История о двух влюбленных старая и популярная. В некоторых версиях действие происходит не в Вероне. Первым писателем, рассказавшим об этом, был Луиджи да Порто в своей книге «Джульетта и Ромео» — и по сей день итальянцы галантно ставят на первое место Джульетту. Затем этот рассказ был повторен другими писателями, и переведенные версии, как считают, и были источниками для Шекспира. Все эти факты, однако, мало что значат для тысяч людей, едущих в Верону из всех стран мира. Им нужен не амфитеатр и не могилы Скалигеров, им нужна могила Джульетты. Возможно, некоторые сочтут такое поведение печальным, а англичане, бесспорно, почувствуют прилив гордости: ведь это их соотечественник Шекспир пригнал в Верону автобусы из Гамбурга, Осло, Копенгагена, Вены и бог знает откуда еще. Люди эти и слыхом не слыхивали о да Порто или Банделло. Историю несчастных влюбленных Ромео и Джульетты они знают только из пьесы Шекспира.

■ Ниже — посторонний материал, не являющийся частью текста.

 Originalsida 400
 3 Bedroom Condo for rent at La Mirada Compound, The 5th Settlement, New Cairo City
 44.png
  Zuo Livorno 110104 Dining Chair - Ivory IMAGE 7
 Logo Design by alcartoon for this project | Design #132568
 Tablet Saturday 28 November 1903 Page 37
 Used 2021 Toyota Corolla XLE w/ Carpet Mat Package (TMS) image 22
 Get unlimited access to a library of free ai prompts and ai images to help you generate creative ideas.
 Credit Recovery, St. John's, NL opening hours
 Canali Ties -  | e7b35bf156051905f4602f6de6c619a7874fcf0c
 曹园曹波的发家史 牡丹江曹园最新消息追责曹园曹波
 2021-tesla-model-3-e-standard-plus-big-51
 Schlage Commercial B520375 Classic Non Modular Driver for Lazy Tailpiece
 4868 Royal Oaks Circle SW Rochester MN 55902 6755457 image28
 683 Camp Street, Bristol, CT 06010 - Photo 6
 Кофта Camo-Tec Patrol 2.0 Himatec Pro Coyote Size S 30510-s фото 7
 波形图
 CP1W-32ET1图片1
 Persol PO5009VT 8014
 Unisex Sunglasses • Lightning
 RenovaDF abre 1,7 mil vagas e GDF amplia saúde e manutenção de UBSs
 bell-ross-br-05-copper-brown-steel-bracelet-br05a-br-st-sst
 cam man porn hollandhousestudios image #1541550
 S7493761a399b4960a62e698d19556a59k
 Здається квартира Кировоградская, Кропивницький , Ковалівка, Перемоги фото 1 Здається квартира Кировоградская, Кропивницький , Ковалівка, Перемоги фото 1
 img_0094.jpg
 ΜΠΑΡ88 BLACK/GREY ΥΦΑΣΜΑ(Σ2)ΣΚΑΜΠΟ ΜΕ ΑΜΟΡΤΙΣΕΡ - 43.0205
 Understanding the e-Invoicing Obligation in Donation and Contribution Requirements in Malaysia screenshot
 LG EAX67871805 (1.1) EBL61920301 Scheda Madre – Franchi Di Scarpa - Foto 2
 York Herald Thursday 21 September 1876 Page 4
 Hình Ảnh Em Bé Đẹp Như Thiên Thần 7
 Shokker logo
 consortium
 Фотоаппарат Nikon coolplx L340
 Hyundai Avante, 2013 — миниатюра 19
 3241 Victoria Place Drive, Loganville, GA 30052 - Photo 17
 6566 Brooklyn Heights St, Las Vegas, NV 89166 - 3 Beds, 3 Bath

Верона — город балконов, и да Порто, живший неподалеку, в Виченце, хорошо это знал. То, что он решил перенести действие своего рассказа в Верону, — местный штрих, которым Шекспир, в свою очередь, блестяще воспользовался. Один балкон в Вероне в живописном средневековом доме на виа Каппелло показывают туристам, заявляя, что это дом Джульетты. На стене дома прикреплена симпатичная, но явно не историческая доска, которая утверждает то же самое. «Дом Капулетти, — гласит доска, — где родилась Джульетта, по которой рыдали нежные сердца, а поэты слагали песни». Строки эти вселяют надежду, и человек в приятном, растроганном настроении отправляется к могиле Джульетты.
Короткая пешая прогулка приводит к уединенному монастырю, где смотритель, улыбаясь, берет деньги за вход и машет рукой в сторону восхитительного маленького монастыря с симпатичным садиком, облюбованным голубями. Несколько ступеней вниз, и вы оказываетесь в сводчатом помещении с необычайно большим саркофагом из розового мрамора. Цинично настроенные знатоки говорят, однако, что первоначально это была кормушка для лошади. Я спустился по лестнице и привел в замешательство молодую пару: стоя по обе стороны от саркофага и держась за руки, они собирались поцеловаться. Впоследствии я узнал, что у влюбленных такой обычай: они идут к гробнице Джульетты и загадывают желание. Как сказала мне одна молодая женщина, «если сердца их чисты, желание наверняка сбудется». Такой ритуал показался мне симпатичным. Склеп был наполнен розовым светом, отраженным от верхнего помещения, и саркофаг выглядел весьма поэтично, словно раковина на дне моря. Невозможно было смотреть на него и не вспомнить строки Шекспира:
О рвении, с которым английские туристы отщипывают фрагменты гробницы, упомянул в 1814 году Сэмюэль Роджерс. Байрон, разумеется тоже добавил кое-что к своему сентиментальному музею. Для того чтобы изготовить два браслета, замеченные Шатобрианом во время обеда в Парме на Марии Луизе, потребовался также большой кусок камня. Но все это ничто по сравнению с невероятным фактом, про который я узнал совершенно случайно: культ Джульетты в наше время настолько силен, что у нее есть секретарь, отвечающий на письма поклонников!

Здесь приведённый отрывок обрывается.